Dataset:
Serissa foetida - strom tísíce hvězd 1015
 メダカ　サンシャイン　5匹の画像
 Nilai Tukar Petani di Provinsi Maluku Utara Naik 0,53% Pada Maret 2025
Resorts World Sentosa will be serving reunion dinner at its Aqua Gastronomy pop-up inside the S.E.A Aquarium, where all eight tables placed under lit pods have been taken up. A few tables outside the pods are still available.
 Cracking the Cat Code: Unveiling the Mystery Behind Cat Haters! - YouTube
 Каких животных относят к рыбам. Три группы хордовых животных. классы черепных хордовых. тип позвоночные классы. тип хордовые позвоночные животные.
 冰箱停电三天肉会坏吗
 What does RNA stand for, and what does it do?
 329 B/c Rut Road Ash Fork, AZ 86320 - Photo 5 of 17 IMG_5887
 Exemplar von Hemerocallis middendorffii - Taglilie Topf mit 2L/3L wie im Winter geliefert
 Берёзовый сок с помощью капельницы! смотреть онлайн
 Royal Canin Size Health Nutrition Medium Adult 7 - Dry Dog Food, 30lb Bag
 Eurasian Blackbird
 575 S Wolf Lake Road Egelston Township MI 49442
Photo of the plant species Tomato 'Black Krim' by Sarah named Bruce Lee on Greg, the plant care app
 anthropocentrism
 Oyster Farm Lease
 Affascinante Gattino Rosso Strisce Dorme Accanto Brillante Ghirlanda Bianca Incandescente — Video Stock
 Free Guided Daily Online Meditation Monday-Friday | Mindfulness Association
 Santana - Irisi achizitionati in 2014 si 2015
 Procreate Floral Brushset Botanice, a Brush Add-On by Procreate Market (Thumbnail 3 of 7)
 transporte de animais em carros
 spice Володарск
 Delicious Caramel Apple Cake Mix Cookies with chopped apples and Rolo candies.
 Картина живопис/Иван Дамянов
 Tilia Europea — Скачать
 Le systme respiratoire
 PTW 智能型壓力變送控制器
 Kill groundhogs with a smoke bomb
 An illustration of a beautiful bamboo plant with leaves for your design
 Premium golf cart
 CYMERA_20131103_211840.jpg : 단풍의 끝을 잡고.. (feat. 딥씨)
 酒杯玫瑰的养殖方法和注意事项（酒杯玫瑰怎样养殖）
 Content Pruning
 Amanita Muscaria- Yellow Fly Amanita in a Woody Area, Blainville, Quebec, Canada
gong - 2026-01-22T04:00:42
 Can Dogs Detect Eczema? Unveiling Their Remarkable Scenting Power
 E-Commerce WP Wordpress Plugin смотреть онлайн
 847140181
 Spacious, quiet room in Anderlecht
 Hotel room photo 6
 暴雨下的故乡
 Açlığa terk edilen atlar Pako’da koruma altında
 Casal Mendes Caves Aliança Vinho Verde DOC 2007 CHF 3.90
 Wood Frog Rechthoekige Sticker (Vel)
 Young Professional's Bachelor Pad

What you have to do: Lines from the start of the records through the one containing "Procreate Floral Brushset" are what should be retyped, exactly and in full, both ends included.

Output:
Serissa foetida - strom tísíce hvězd 1015
 メダカ　サンシャイン　5匹の画像
 Nilai Tukar Petani di Provinsi Maluku Utara Naik 0,53% Pada Maret 2025
Resorts World Sentosa will be serving reunion dinner at its Aqua Gastronomy pop-up inside the S.E.A Aquarium, where all eight tables placed under lit pods have been taken up. A few tables outside the pods are still available.
 Cracking the Cat Code: Unveiling the Mystery Behind Cat Haters! - YouTube
 Каких животных относят к рыбам. Три группы хордовых животных. классы черепных хордовых. тип позвоночные классы. тип хордовые позвоночные животные.
 冰箱停电三天肉会坏吗
 What does RNA stand for, and what does it do?
 329 B/c Rut Road Ash Fork, AZ 86320 - Photo 5 of 17 IMG_5887
 Exemplar von Hemerocallis middendorffii - Taglilie Topf mit 2L/3L wie im Winter geliefert
 Берёзовый сок с помощью капельницы! смотреть онлайн
 Royal Canin Size Health Nutrition Medium Adult 7 - Dry Dog Food, 30lb Bag
 Eurasian Blackbird
 575 S Wolf Lake Road Egelston Township MI 49442
Photo of the plant species Tomato 'Black Krim' by Sarah named Bruce Lee on Greg, the plant care app
 anthropocentrism
 Oyster Farm Lease
 Affascinante Gattino Rosso Strisce Dorme Accanto Brillante Ghirlanda Bianca Incandescente — Video Stock
 Free Guided Daily Online Meditation Monday-Friday | Mindfulness Association
 Santana - Irisi achizitionati in 2014 si 2015
 Procreate Floral Brushset Botanice, a Brush Add-On by Procreate Market (Thumbnail 3 of 7)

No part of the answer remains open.